Ideas from Richard Hamming’s 1995 lectures “Learning to learn”

Reference: The Art of Doing Science and Engineering: Learning to Learn” course by Dr. Richard W. Hamming (1915-1998) (1915-1998) for graduate students at the Naval Postgraduate School (NPS) in Monterey, California 1995. http://www.nps.edu/

Sigmoid

A lot of natural processes follow a sigmoid growth: they start small, then they grow exponentially, but then eventually they saturate. It’s not necessarily a sigmoid, but has some similar characteristics.

Every 17 years

Knowledge doubles every 17 years. He does a back of the envelope calculation, being a mathematician he’s very comfortable to use calculus for that. It does not seem outlandish. One issue is that it currently requires more scientists. We’ll hit a saturation point on that. Consequences are that the areas of expertise become more specialized and that things are changed technologically 20 years later, you need to come up with new things.

Early feedback

There is the example of the back of the envelope calculation and later when he talks about an iterative, agile project management that gives you more productivity than blindly following a dead end.

Economic incentives for the development of electronic computers

The 1890s US census, which was by law required every 10 years, was looking to take more than 10 years to process before a new one is due. This lead to the development of punch cards, by Herman Hollerith, where holes in the card indicating say the age or gender could be then used to count. This then eventually led to IBM.

Then the Manhattan project (and other e.g. calculating tables of ballistic trajectories for the US army). Imagine large rooms, factory floor size with rows and rows of, almost always, women doing calculations. Hamming says that you get a multiplication every 20 seconds, for short periods of time you can get more, but it’s not sustainable (e.g. people get tired, then they do mistakes, they need a cup of tea, etc.).

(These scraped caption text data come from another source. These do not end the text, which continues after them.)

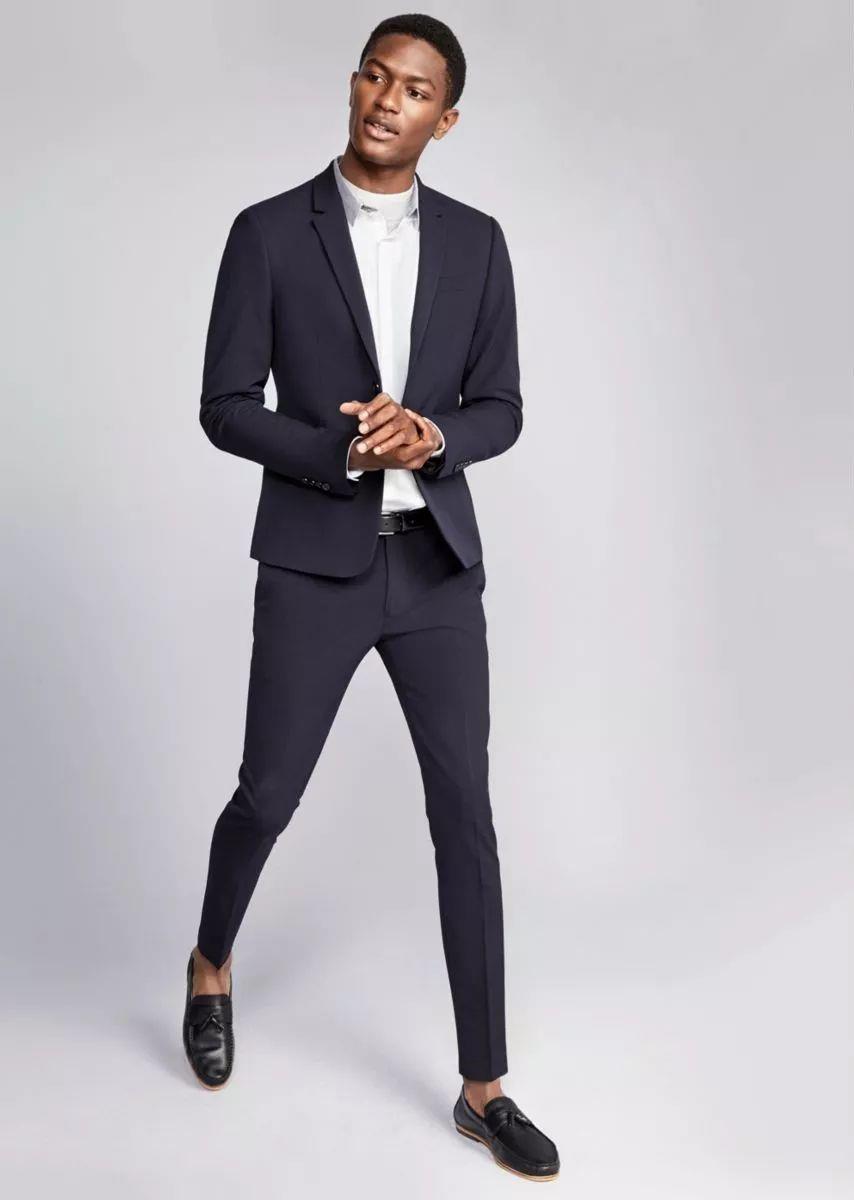 男士西装品牌哪个性价比最高,20岁左右西装推荐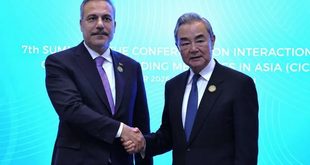 وزير الخارجية الصيني يلتقي نظيره التركي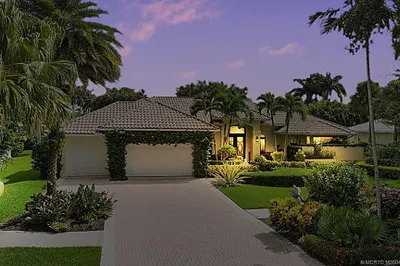 19085 SE Coral Reef Lane 1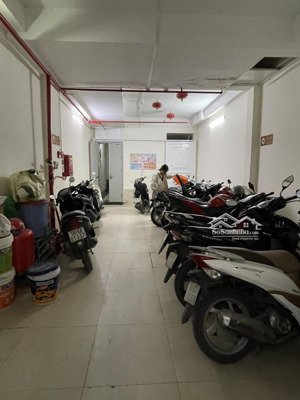 chính chủ bán toà nhà chung cư mini tại ngõ 172 vũ hữu. dt 76,8m2, mt 4m, giá 17,5 tỷ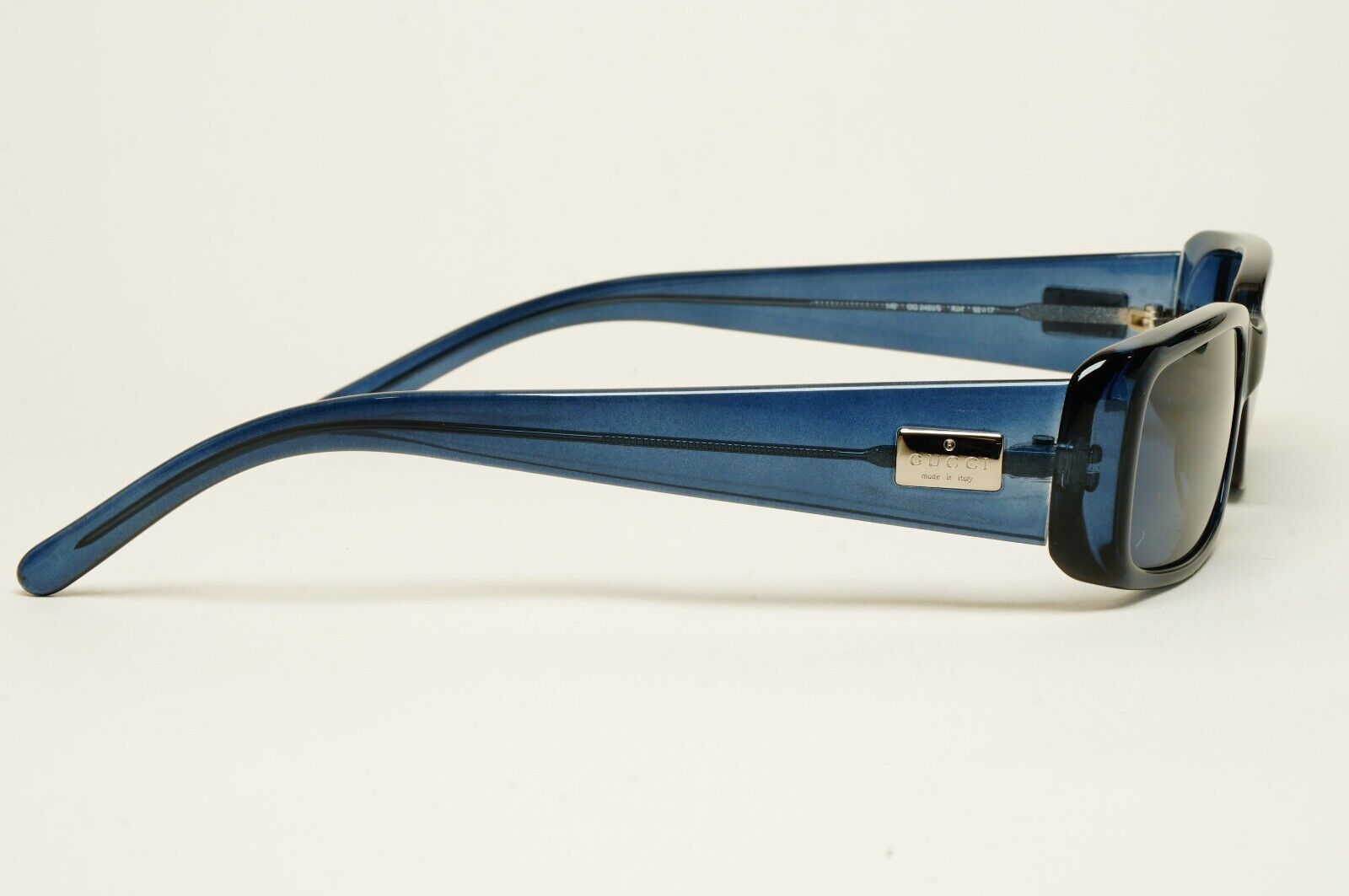 Gucci Sunglasses 1998 Vintage Blue Rectangle Transparent GG 2450/S K04 100225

It’s interesting to think about these people, having a job, earnings, and how the electronic computers lost these jobs, and how other jobs were created instead. We’re facing today (2026) the same kind if discourse related to AI, the historical experience says that some jobs will be lost, other jobs will be created.

Centralized computers vs. PCs

Computers used to be centralized, expensive, with options to rent time slots where then utilization factors mattered. AI is currently in a similar early situation where it’s centralized (remote in the cloud), expensive, per-token costs. Things might change.

Productivity

He claims that different people have a wide range of productivity for the same time/effort. He mentions this at the beginning for scientists getting results and later for some programmers being up to 10 times more productive.

# Computer says

An image meme was created in February 2026:

  • A human tells the computer: say “I am alive”
  • Computer responds: I AM ALIVE
  • Human reacts: oh my god

In 1995 Hamming mentions that just because the computer displays,prints,says that it thinks, it’s not necessarily so.

Definition bias

When we ask what is intelligence or thinking, we have a bias, interest, to have such a definition that it does not answer in the negative about ourselves.

Meaning

He describes a situation where his wife mentions that it rains. He wonders why she said that, because he can see that it rains. He then realises that what she means instead is: “I finished my tea, I’m ready to have a conversation”.